Researchers seek to assess the ‘reasoning power’ of AI scientists

Error theory can mean vastly different things depending on the context – what does it mean in the context of science and AI?

A scientist is performing microbial colony counting. Image by Tim Sandle
A scientist is performing microbial colony counting. Image by Tim Sandle

A scientist based at the University of Exeter is seeking to ensure AI can better help other scientists to safely make the correct decisions and hence to help to herald in rapid advances in vital societal fields, including such as drug discovery, producing meaningful results at a fraction of the current costs – due to the potential benefits of artificial intelligence.
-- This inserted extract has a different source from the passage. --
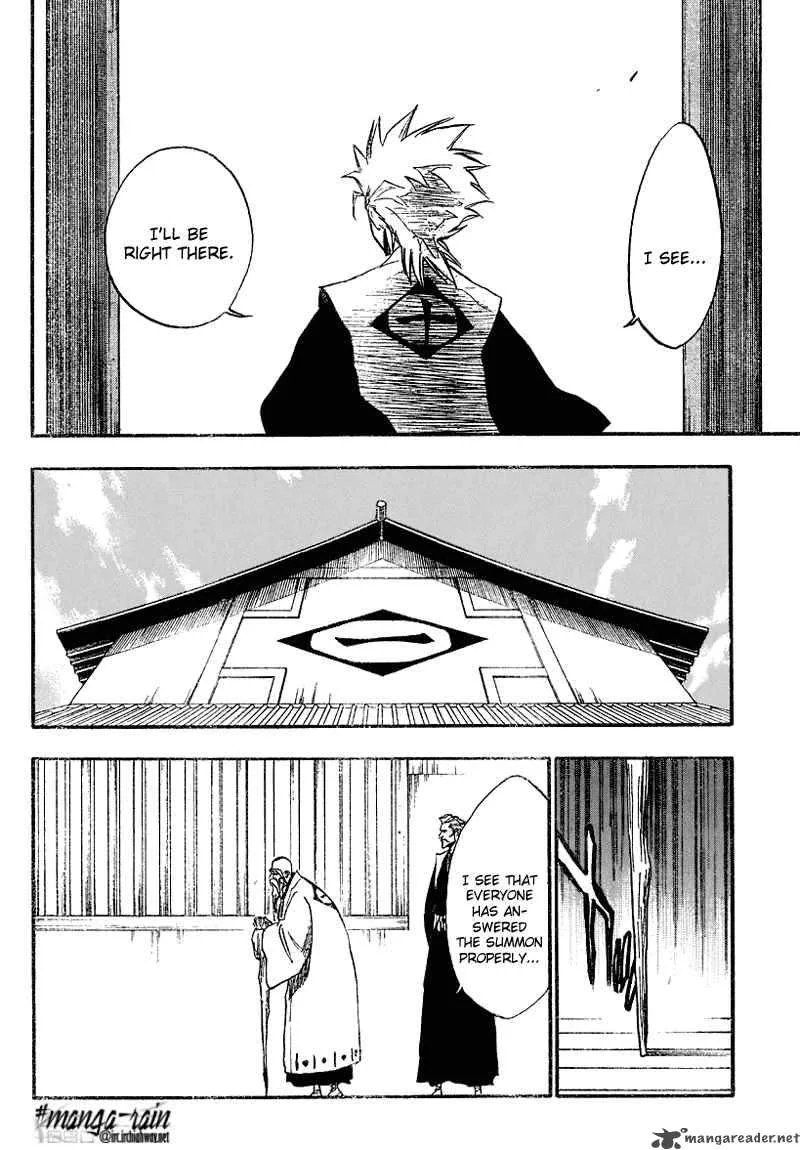 Bleach Chapter 188 page 20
To aid this endeavour, Stephan Guttinger has secured a Research Leadership Award from the Leverhulme Trust to explore the reasoning abilities of “AI Scientists”. These ‘scientists’ are not people working in the field, rather this refers to AI-based systems that can autonomously perform research tasks and solve scientific problems. Such systems are types of emerging, AI-driven software systems that are designed to autonomously conduct the entire scientific research process. These software-based agents, often powered by Large Language Models, can come up with ideas, review literature, write code, run experiments, and create scientific papers.

Addressing experimental error solutions

It is hoped that, in the longer-term, the deployment of these systems will support research. However, to work autonomously these new tools need to be able to resolve the most common problem in everyday research practice: This is dealing with and identifying experimental error and suggesting possible solutions.
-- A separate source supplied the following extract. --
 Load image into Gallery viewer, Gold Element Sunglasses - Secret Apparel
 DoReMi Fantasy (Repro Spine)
Dr Guttinger, a lecturer in Philosophy of Data at the Department of Social and Political Sciences, Philosophy and Anthropology, has been awarded the Leverhulme funding in order to assemble an interdisciplinary team who have been given the brief to explore the error-reasoning ability of AI Scientists.

The four-year project will bring together experts in philosophy, the natural sciences, and computer science. At the heart of the project is the development of a benchmark that can systematically probe how well current or future AI models can deal with error in scientific practice. The benchmark is needed as it is not clear how good existing AI systems are at scientific error-reasoning.

Dr Guttinger says: “Scientific error-reasoning has not been widely or deeply datafied: Scientists work through errors in weekly laboratory meetings, on whiteboards, or in the hallways of a conference venue. These discussions rarely find their way into published materials and are thus underrepresented in the data on which AI models are trained.”

As to what needs to be done, Guttinger explains: “To address this uncertainty, we need benchmarks that allow us to assess the extent to which AI models can reason about scientific error. However, even our most sophisticated benchmarks for AI agents don’t currently test for this type of reasoning.”

He adds that a key challenge for building an error-reasoning benchmark is the lack of a well-developed theory of error.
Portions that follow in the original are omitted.